Dataset excerpts
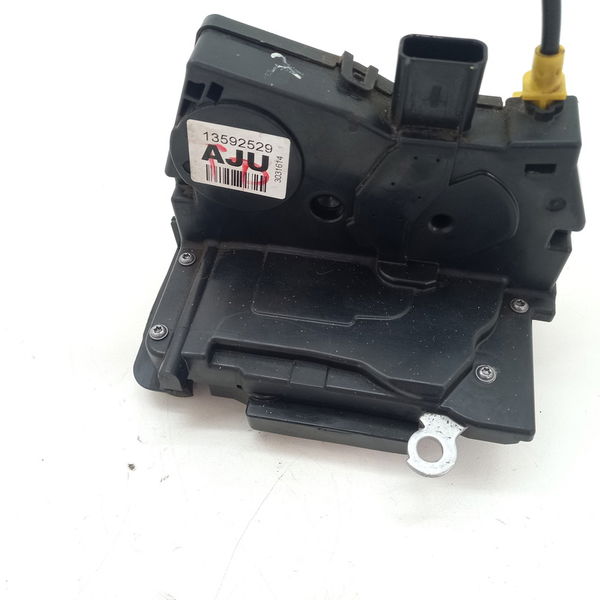 Fechadura Porta Traseira Dianteira Chevrolet Onix 1.4  2016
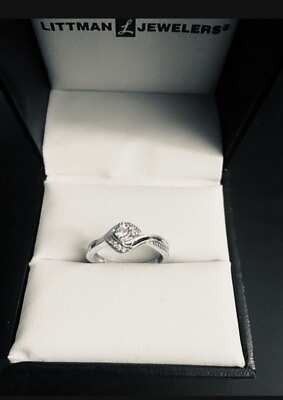 #ad Ladies White Gold Diamond Ring Size 7 $799.00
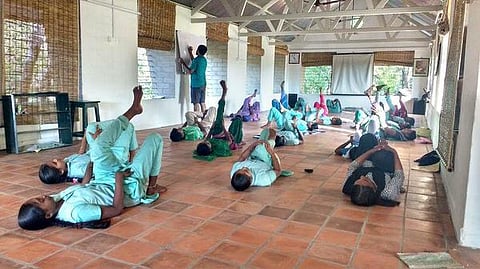 கிராமங்களை நாடும் யோக மருந்து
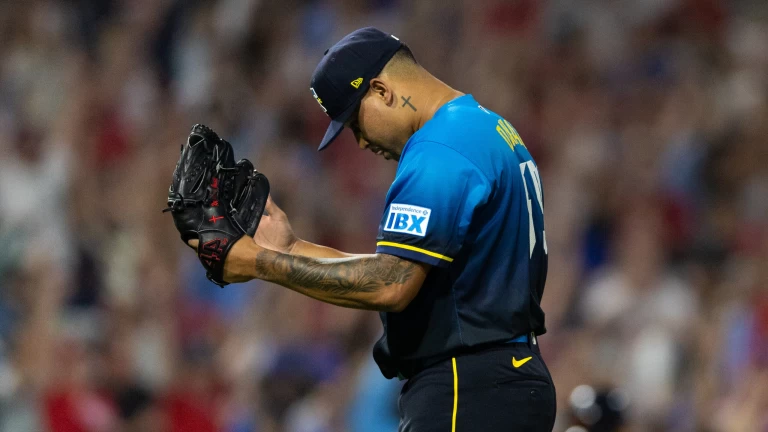MLB: Ranking The Top 7 Closers and Relief Pitchers Right Now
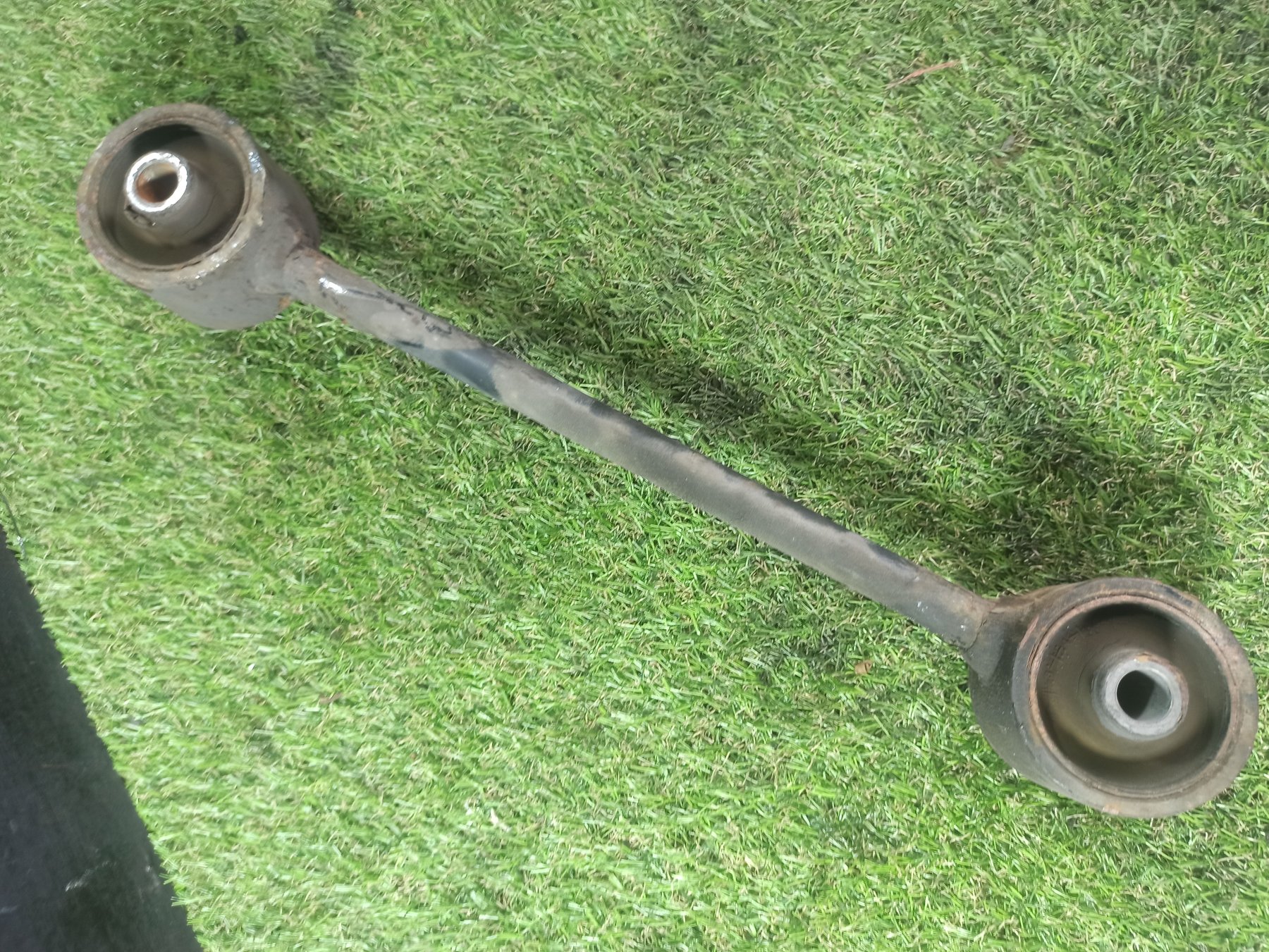 Важіль задній верхній повздовжній KIA Sorento JC (2002-2009) 552003E000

Problem
Give every entry above again, exactly, and keep all pictures out of it.

Expected answer
 Fechadura Porta Traseira Dianteira Chevrolet Onix 1.4  2016
 #ad Ladies White Gold Diamond Ring Size 7 $799.00
 கிராமங்களை நாடும் யோக மருந்து
MLB: Ranking The Top 7 Closers and Relief Pitchers Right Now
 Важіль задній верхній повздовжній KIA Sorento JC (2002-2009) 552003E000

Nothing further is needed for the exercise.